Video Special F/X - Mastectomy
Without going into painstaking detail, this is a story of the painstaking detail required to correct for a misunderstanding between the Director of the video and the F/X team (me).
I had never tried anything like it before but I knew enough about Photoshop and Premiere to know it was possible. I was working at Exploratorium when the digital video revolution began so by the time I was tasked with taking a video of an actress opening her blouse to reveal a mastectomy scar I understood it to be a matter of pushing pixels around. Having been an avid fan of the series Movie Magic in the 1990's I was well aware of the industry standards in special effects with a passing familiarity of the tools and techniques involved.

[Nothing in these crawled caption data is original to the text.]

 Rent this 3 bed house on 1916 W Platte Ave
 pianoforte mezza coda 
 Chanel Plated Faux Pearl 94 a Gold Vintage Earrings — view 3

All of them required coordination between the Director (who wanted a specific effect) and the F/X crew (who knew the limits of producing it) to insure that the best possible effect was achieved. Based on what I had seen and deduced, I asked that, for the duration of the F/X shot, the actress be stationary and when she opened her blouse to resist rotating her torso or moving towards or away from the camera. The less her body changed frame to frame the less work I would have to do frame by frame resizing and repositioning the pixel patch I made to cover her exposed breast. Well, I got what I got and did the best I could with it. Naturally I envisioned a Beauty Shot but it served the play and that's the only real requirement of a design. The two clips below are from different stages in the development of the final cue which included the addition of the visible scar over the skin patch. In 2003 who else besides me was doing this level of work on a PC in a theater?